El Capataz desgarró el vientre de uno de los monstruos con un hachazo demoledor. Un chorretón rojo le salpicó la cara cuando retiro su acero y pudo entrever los intestinos de la bestia a través de la brecha sangrante. El gottren se limitó a rugir con una mueca de dolor y dejó caer su maza sobre él.

Brani logró eludir el mazazo pero quedó tendido en el suelo, a merced de su enemigo. Cuando éste se disponía a descargar un segundo golpe, el viejo Grodi saltó desde una cornisa, aterrizó sobre los hombros del gottren y le incrustó el filo de su hacha en el tórax.

—¡Por Gorontherk!

La bestia volvió a gruñir, agarró al enano con su manaza y lo arrojó contra el suelo con una fuerza descomunal. Tres guerreros más se abalanzaron sobre él y Brani aprovechó para incorporarse y correr hacía donde yacía el cuerpo de su amigo. No se movía y un hilo de sangre se deslizaba por la comisura de sus labios.

—¡Grodi!

—Ese montón de basura me… me ha reventado por dentro —masculló el viejo enano.

—Grodi… —sollozó el Capataz sosteniendo entre sus manos temblorosas una de las del caído.

—No son…fáciles de matar, ya lo has visto. —Tosió—. Pero caen… Te aseguro que caen. —Tosió de nuevo—. Estos son mis… monstruos, jovencito; ahora vigila que no nos roben el…cissordin. —Tras toser una última vez, Grodi murió.

Brani permanecía arrodillado frente al cadáver; sus ojos humedecidos miraban cuanto le rodeaba sin conseguir ver nada. En su mente resonaban las palabras de su padre, de Liev y de Húguet Dashtalian. Recordaba el rostro del Cónsul y advertía en sus facciones matices extraños. Le pareció escuchar la risa gutural de Vlad Fesserite, incisiva, repleta de crueldad. Por un instante pensó en Herdi, en su hermana Berele, en Dinale, en todos sus amigos que marcharon a Dahaun… Entonces decidió no pensar más y recogió su hacha del suelo.

—¡Matadlos! ¡Acabad con ellos por Gorontherk, por la Gran Muralla y por todos los Abismos del Vil! —rugió mientras se abalanzaba sobre el enemigo más cercano.

En aquel momento había dieciocho gottren en La Cantera y uno más estaba entrando. Provenientes del exterior podían oírse los gritos de apremio de los ciento doce restantes.

Fortaleza Prisión, Vardanire

Berd miraba las paredes de su celda mientras sostenía entre las manos las cadenas que lo atenazaban. En un primer momento pensó en quitarse la vida para evitarle a su esposa la vergüenza de verlo ahorcado pero había descartado la opción.
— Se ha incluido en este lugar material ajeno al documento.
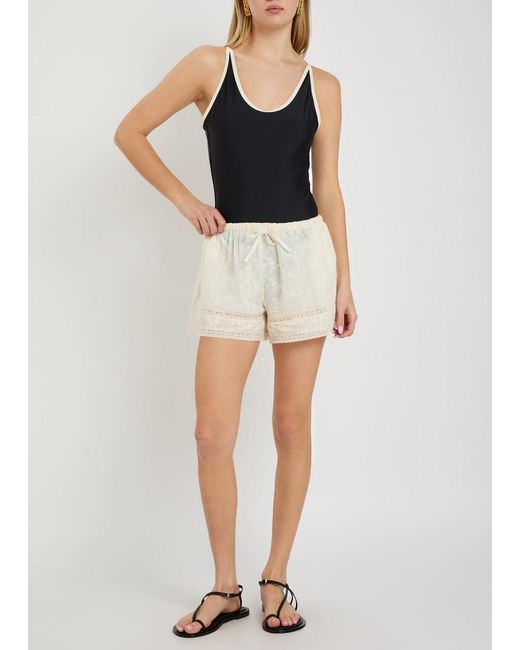 SOLAQUA Black Swim Ii Piped-Trim Swimsuit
Fuley le dijo entre burlas que el Intendente Fesserite había ordenado empalar su cuerpo y mantenerlo un par de días a la vista de todos. De cualquier modo le esperaba la más cruel humillación pública; además, tenía un motivo de mayor peso para aguantar con vida hasta el final. Esa misma mañana, cuando su esposa acudió a visitarle, el infame carcelero estuvo todo el rato molestando. No cesaba de hacer insinuaciones groseras y se burlaba de la suerte que iba a correr. Cuando Adalma ya se marchaba intentó propasarse con ella. La mujer se revolvió como una fiera y le propinó un fenomenal puñetazo en el ojo que se había traducido en un moretón del tamaño de un bistec. De no ser por la intervención de su compañero aquel desgraciado la hubiese atravesado con su espada. Tras el incidente, Fuley le juró al segador que iría a su casa, violaría a su mujer y le rajaría la cara con un cuchillo ardiendo. Berd iba a matarlo en cuanto lo tuviese a su alcance.